Je hais les haies
Je hais les haies. Bien sûr, jadis elles furent utiles, humbles, pittoresques quand elles séparaient les champs avant le remembrement.
Haies de charmes, de prunelliers, d'aubépiniers, d'églantiers où s'emmêlaient les ronces, le lierre, les fleurs sauvages, haies de saules tronqués le long des rivières. Les oiseaux y nichaient, les perdrix y pondaient leurs œufs à l'abri des renards, martres, fouines afin de voir éclore les perdreaux de l'année. Quand on oubliait de les tailler l'espace d'une saison, elles ombraient les chemins creux pour favoriser les ébats amoureux.
Ça, c'était les haies libres que j'aimais. Lorsqu'on vivait en trimardeur, on pouvait se coucher sur le matelas d'herbe qui les bordait, protégé du vent, les yeux fixés vers les étoiles, pour y dormir ensuite durant la nuit.
Mais la haie d'aujourd'hui, style Maisons et jardins, inutile, la haie d'apparat qui rogne les fusains, les lauriers du Caucase, les ifs, les thuyas simplement pour le plaisir de faire fonctionner son taille-haie électrique, je l'exècre.
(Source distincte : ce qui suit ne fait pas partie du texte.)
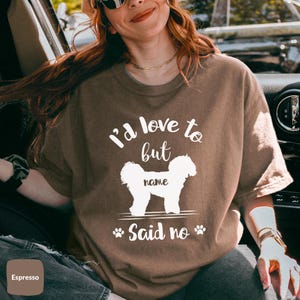 May include: A brown t-shirt with the text "I'd love to but [name] said no" and a white silhouette of a dog. The text is in a white font. The dog is facing right. The t-shirt is on a person.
Pourquoi cette révolte soudaine ? Parce qu'un oiseau que je ne connais pas personnellement, sans doute le rouge-gorge venu à l'automne il y a quatre ans, où un merle, a chié la graine d'un troène qui s'est mis à germer tout seul dans un coin du jardin.
Grandet, je le laisse pousser comme un arbuste au lieu de le tailler et de le placer en rang avec d'autres infirmes. Et s'il s'agit d'un ligustrum vulgare, il a des chances d'atteindre cinq mètres avant moi.